With dual appointments in history and in gender, women’s, and sexuality studies, University of Iowa faculty member Lina-Maria Murillo asks her students to examine history through different lenses.
Story
Sara Epstein Moninger
Photography
Tim Schoon

Every month is Latinx/a/o Heritage Month for Lina-Maria Murillo.

Murillo joined the University of Iowa faculty in the Departments of History and Gender, Women’s, and Sexuality Studies in 2018, and she teaches Latinx/a/o History from Conquest to the Present, History of Social Justice Movements, Global Reproduction, and Introduction to Gender, Women’s, and Sexuality Studies.

“I understand why these months celebrating cultural heritage exist, but it’s always Latinx/a/o Heritage Month for me,” she says. “It’s a 12-month cycle.
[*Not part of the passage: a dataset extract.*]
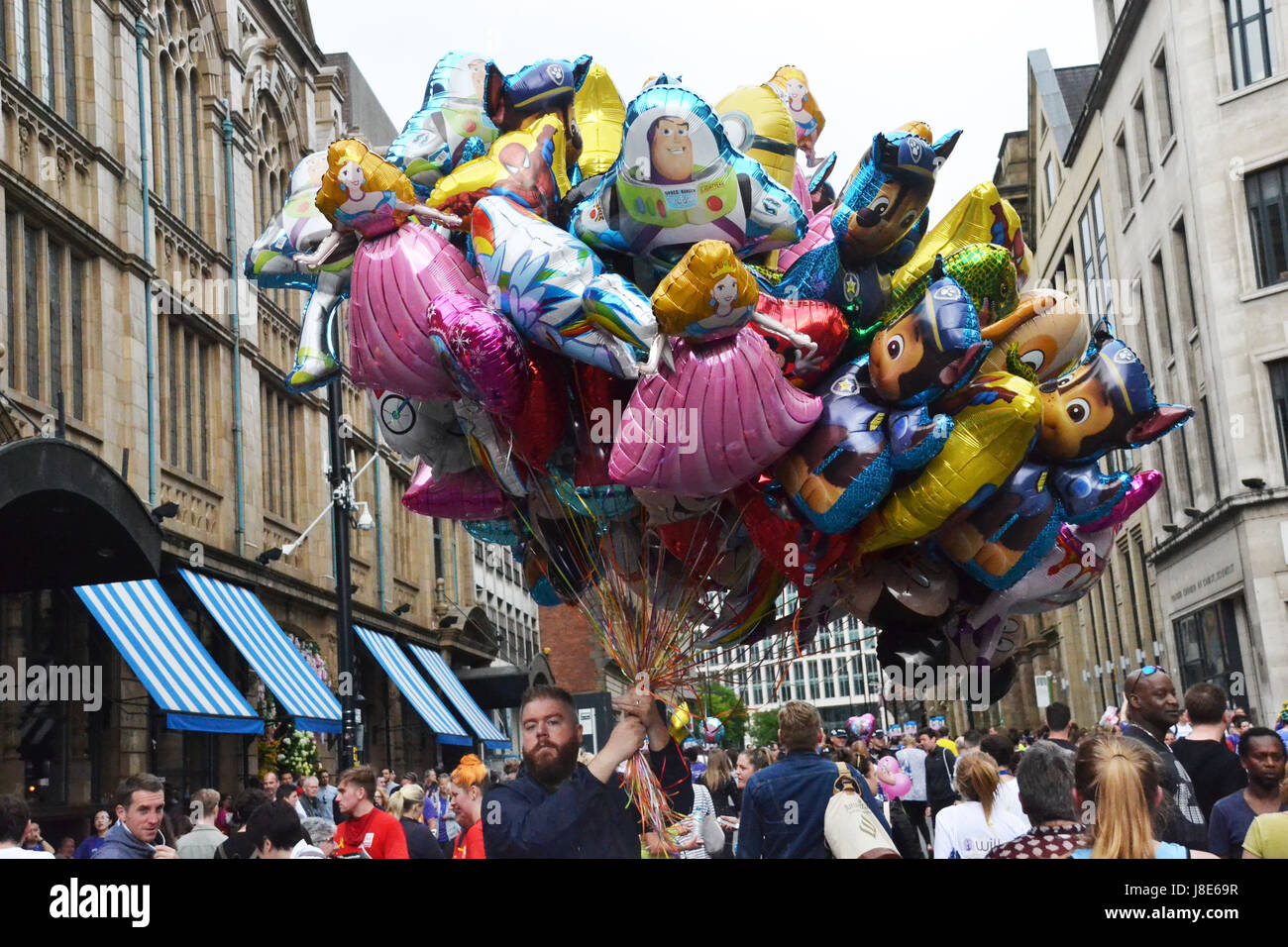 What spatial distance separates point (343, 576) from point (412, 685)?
440 inches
I am constantly thinking about diverse communities and cultures and how they crisscross and inform each other. I’m always teaching these histories.”

How to celebrate Latinx/a/o Heritage Month

UI faculty member Lina-Maria Murillo says a good movie is a great way to get started better understanding Latinx/a/o heritage. She recommends the following films:

  • Dolores, a 2017 documentary about American labor leader and civil rights activist Dolores Huerta
  • No Más Bebés, a 2015 documentary detailing the forced sterilization of immigrant women in California in the 1960s and ’70s
  • abUSed: The Postville Raid, a 2011 documentary about the 2008 immigration raid of a meatpacking plant in Postville, Iowa, and its devasting effects on the community

Murillo, whose parents migrated to the U.S. from Colombia and settled in San Jose, California, was raised in a community steeped in social justice advocacy. Her father was active in the farm workers movement, and a mantra of her childhood was, “How do we live our lives creating more justice and more peace?” As a young scholar, Murillo studied the history of Latinas along the U.S.-Mexico border as well as reproductive health.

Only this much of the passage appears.